The thing to keep in mind about which of these devices best suits your needs, is knowing what your needs actually are. This is where people get confused.
The PC is the ubiquitous tool for computing because it’s the most versatile tool for computing. Some folks would disagree, but their arguments focus on functionality and usability lines that aren’t relevant to what I’m saying. I’m just saying that as a toolkit, there is nothing as adaptable, resourceful, powerful, or universally accepted as a PC. This is especially true for gamers. The reasons other platforms are popular, is because some folks don’t need that much flexibility or power.
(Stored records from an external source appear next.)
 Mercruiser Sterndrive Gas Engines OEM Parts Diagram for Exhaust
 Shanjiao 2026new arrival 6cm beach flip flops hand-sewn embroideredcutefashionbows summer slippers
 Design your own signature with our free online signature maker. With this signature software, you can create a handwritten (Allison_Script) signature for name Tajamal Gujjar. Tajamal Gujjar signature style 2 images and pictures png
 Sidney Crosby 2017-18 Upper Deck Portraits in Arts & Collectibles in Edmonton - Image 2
The PC has a learning curve for some users because it requires that you have the desire to learn how to use it. Even though Microsoft has done a lot to simplify their OS, the interface and functions aren’t always terribly intuitive. Why? Because Intuitiveness is inversely proportional to functionality. In other words, the simpler an interface is, the less likely you have many options and controls for customizing your computer to meet your needs. You sacrifice control for ease of use.
For many people, that’s not only fine - it’s ideal. That’s where our other computer platforms come into play.
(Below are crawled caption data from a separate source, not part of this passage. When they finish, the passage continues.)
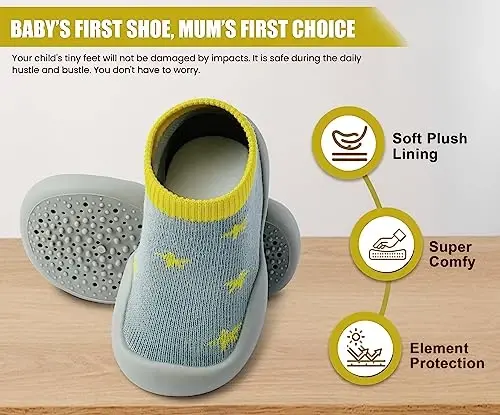 Dookeh Baby Shoes Boys Girls First Walking Shoes Non Slip Soft Sole Sneakers Toddler Infant Babygirl Sock Shoes… - 4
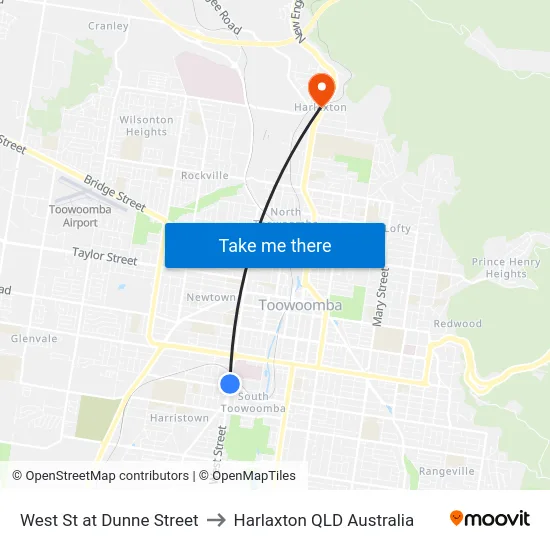 West St at Dunne Street to Harlaxton QLD Australia map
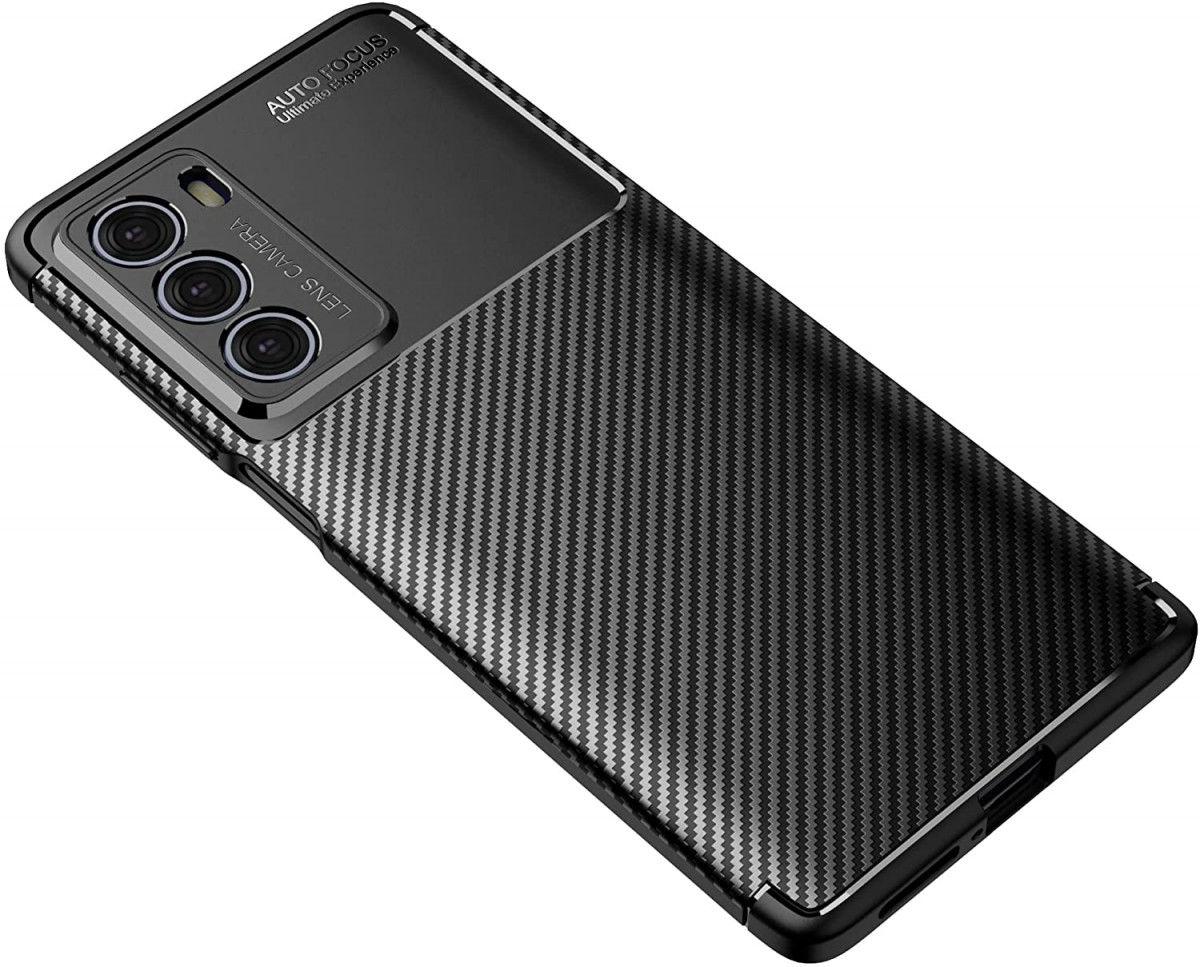 Motorola Moto G200 5G Hoesje Siliconen Carbon TPU Back Cover Zwart afbeelding 2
Simply said, the Mac is a specialized consumer-oriented, computing device. It’s well known for it’s “works out of the box” functionality, because the developers worked very hard at making sure the user experience was tailored to a specific demographic that didn’t want to “setup” a computer. If you want to purchase a computing device that works without much training, has a lot of applications and inter-connectivity, then by all means get a Mac; if you can afford it.
The cost is frustratingly (and for many, prohibitively) high. You can purchase a Mac Mini and get your own monitor and probably spend only $800, but most of the entry-level Macs people want to buy, start around $1200 and move up to the $10,000 mark for “pro” level systems.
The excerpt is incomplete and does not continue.